Tanpa menyinggung siapapun. Jangan merasa juga, karena kita bukan waled dalam film bid'ah. Menurut saya Film Bidah bukan sekadar tontonan, tapi tamparan. Ia memaksa kita bertanya, "Benarkah selama ini kita terlalu sibuk menghakimi orang lain, hingga lupa mengoreksi diri sendiri?".


Kisahnya yang penuh kontroversi justru mengungkap borok hipokrisi di masyarakat di mana banyak yang berteriak "sesat!" tapi diam saat melihat korupsi, nepotisme dan pelecehan seksual. Inilah hikmah terbesarnya bagian dari kritikan halus bahwa agama sering dijadikan tameng, bukan pedoman.

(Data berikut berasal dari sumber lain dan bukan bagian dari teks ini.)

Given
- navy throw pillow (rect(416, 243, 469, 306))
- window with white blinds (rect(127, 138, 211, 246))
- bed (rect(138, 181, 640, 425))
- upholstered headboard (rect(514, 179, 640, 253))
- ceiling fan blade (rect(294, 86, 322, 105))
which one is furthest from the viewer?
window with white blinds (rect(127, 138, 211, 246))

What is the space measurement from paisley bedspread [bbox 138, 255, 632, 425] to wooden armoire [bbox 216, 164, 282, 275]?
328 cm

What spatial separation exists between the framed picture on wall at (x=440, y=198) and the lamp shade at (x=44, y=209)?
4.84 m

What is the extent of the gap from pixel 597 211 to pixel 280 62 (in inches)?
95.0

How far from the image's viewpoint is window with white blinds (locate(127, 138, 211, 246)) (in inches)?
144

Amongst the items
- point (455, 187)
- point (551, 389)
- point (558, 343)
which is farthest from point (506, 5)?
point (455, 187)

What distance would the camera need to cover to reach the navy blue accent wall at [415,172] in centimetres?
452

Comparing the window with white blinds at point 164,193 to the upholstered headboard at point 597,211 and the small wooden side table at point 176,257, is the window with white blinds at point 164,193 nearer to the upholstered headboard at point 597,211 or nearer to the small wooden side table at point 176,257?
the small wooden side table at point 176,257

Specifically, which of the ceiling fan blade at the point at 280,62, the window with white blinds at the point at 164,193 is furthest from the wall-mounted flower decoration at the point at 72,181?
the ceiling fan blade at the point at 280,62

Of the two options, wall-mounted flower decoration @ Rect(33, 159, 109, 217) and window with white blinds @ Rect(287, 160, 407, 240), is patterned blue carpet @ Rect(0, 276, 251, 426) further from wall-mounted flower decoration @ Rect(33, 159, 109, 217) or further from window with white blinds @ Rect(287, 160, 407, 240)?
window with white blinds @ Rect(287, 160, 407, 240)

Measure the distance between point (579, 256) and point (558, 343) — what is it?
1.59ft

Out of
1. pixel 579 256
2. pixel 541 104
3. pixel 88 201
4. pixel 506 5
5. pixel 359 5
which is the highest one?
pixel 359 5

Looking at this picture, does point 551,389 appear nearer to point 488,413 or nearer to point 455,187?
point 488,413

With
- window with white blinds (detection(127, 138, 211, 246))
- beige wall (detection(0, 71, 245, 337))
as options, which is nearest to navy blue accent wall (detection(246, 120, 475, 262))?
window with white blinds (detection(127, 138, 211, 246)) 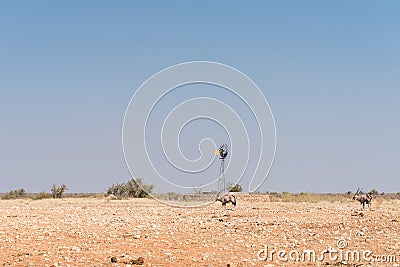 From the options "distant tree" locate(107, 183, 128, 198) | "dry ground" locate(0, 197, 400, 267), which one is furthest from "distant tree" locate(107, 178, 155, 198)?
"dry ground" locate(0, 197, 400, 267)

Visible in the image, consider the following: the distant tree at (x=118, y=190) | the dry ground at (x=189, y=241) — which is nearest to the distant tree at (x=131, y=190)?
the distant tree at (x=118, y=190)

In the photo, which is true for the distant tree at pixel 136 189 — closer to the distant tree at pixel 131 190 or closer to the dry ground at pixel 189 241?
the distant tree at pixel 131 190

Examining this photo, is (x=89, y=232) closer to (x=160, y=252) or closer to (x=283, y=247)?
(x=160, y=252)

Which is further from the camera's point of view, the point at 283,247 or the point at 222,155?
the point at 222,155

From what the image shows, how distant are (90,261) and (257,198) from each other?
31.6m

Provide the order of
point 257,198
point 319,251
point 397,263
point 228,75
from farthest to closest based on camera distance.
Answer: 1. point 257,198
2. point 228,75
3. point 319,251
4. point 397,263

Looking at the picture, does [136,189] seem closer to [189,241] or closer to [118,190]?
[118,190]

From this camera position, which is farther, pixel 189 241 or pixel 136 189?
pixel 136 189

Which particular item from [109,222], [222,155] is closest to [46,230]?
[109,222]

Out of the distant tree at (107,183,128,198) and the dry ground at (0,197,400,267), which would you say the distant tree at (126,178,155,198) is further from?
the dry ground at (0,197,400,267)

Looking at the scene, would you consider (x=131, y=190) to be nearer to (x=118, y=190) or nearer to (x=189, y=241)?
(x=118, y=190)

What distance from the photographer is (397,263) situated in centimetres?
1186

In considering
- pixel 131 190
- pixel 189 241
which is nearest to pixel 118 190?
pixel 131 190

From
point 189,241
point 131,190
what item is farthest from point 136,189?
point 189,241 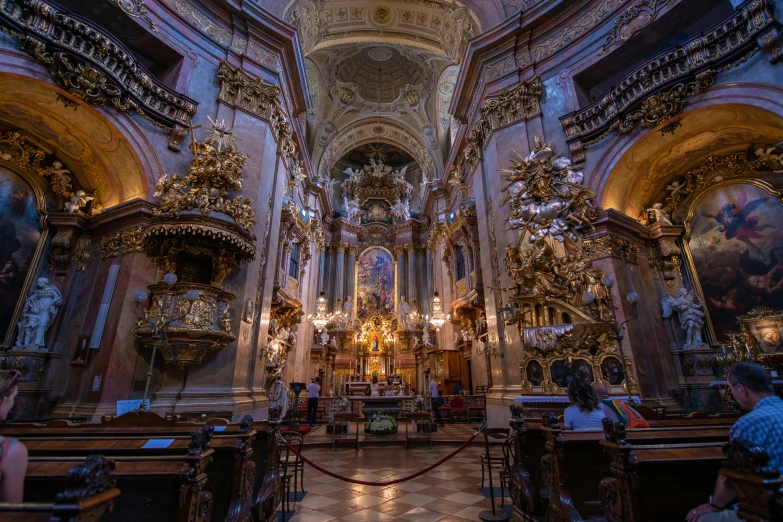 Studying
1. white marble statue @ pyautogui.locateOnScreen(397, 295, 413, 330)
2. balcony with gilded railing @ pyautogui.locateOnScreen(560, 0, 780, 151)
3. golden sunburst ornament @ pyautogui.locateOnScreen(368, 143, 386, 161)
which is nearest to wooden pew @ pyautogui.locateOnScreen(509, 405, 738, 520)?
balcony with gilded railing @ pyautogui.locateOnScreen(560, 0, 780, 151)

Siapa sangka, film ini justru menjadi mirror effect bagi penontonnya. Adegan-adegan yang dianggap "menyinggung" sebenarnya cermin dari realita yang kita hindari. Misalnya, ritual tanpa makna yang dikemas glamor, atau figur ulama yang lebih peduli pengikut yang banyak daripada kebenaran. Film Bidah berani menohok: "Jika agama hanya jadi pertunjukan, bukankah itu bid’ah atau kesesatan sejati?"


Tapi di balik kritik pedasnya, film ini juga menyisipkan harapan. Tokoh-tokohnya yang "tersesat" justru mengajak kita merenung, bagaimana jika dakwah dilakukan dengan kasih sayang, bukan penghakiman? Alih-alih memvonis, film ini mengajak dialog persis seperti Nabi yang mendidik, bukan mencaci. Di sini, Bidah berhasil mencuri perhatian, agama harus memanusiakan, bukan mengalienasi atau saling menghakimi.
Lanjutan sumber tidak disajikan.